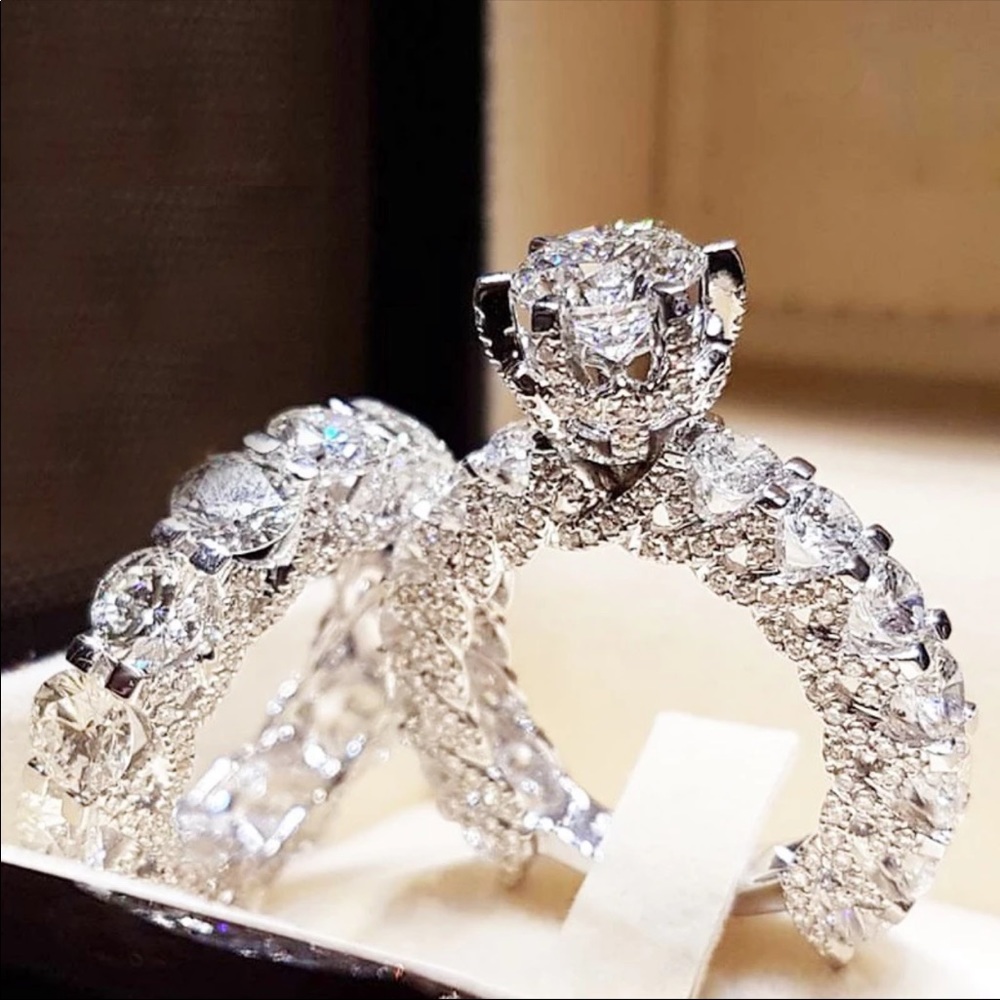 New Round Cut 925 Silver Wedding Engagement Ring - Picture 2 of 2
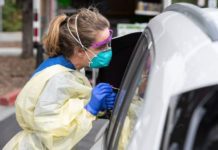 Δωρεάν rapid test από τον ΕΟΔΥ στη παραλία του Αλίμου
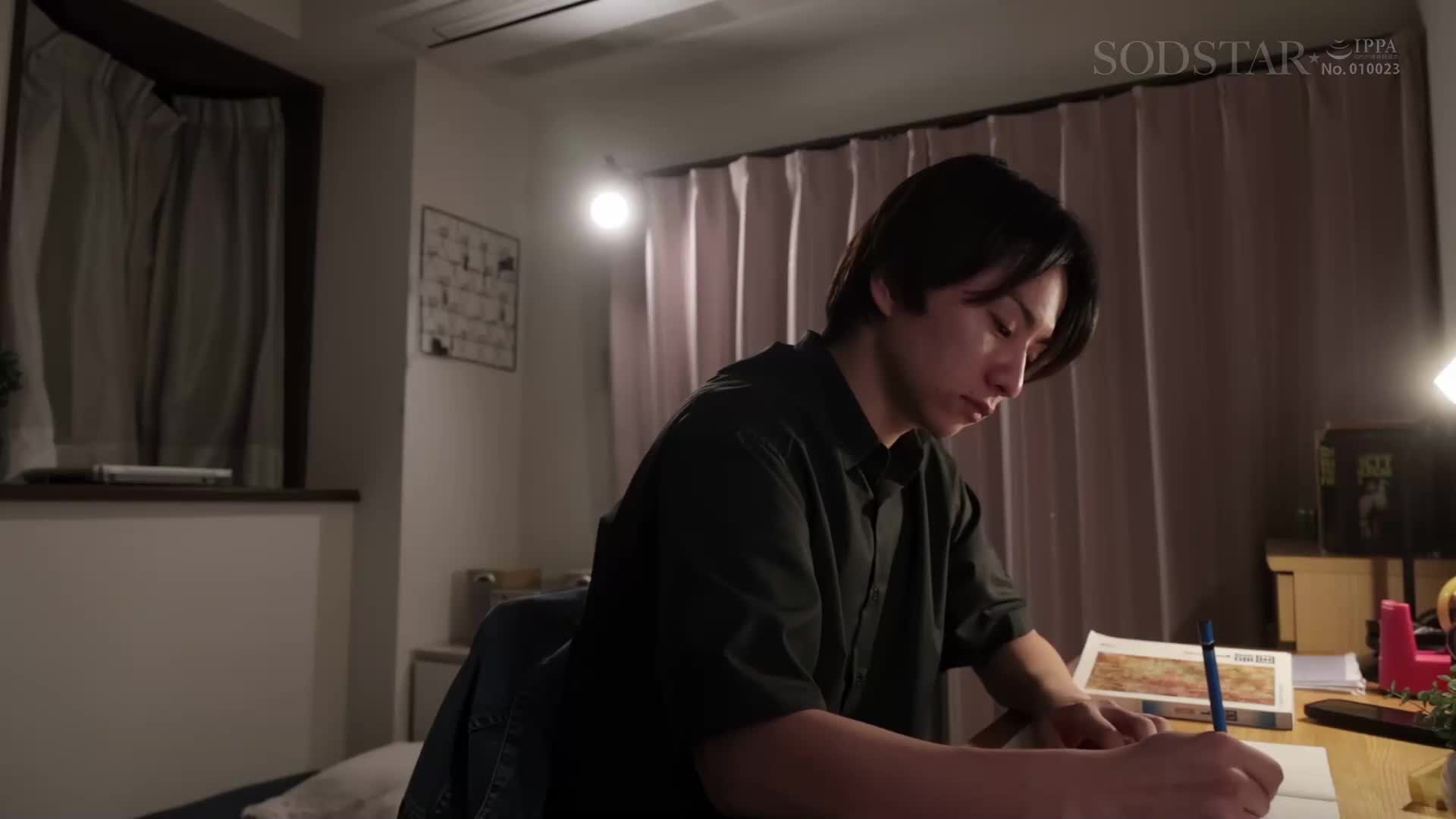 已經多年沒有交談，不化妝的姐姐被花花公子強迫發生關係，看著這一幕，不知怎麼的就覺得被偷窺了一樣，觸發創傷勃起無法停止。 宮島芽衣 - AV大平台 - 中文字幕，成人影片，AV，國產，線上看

▬▬▬▬▬▬

Once the pictures are set aside, output all of the data above verbatim.

 New Round Cut 925 Silver Wedding Engagement Ring - Picture 2 of 2
 Δωρεάν rapid test από τον ΕΟΔΥ στη παραλία του Αλίμου
 已經多年沒有交談，不化妝的姐姐被花花公子強迫發生關係，看著這一幕，不知怎麼的就覺得被偷窺了一樣，觸發創傷勃起無法停止。 宮島芽衣 - AV大平台 - 中文字幕，成人影片，AV，國產，線上看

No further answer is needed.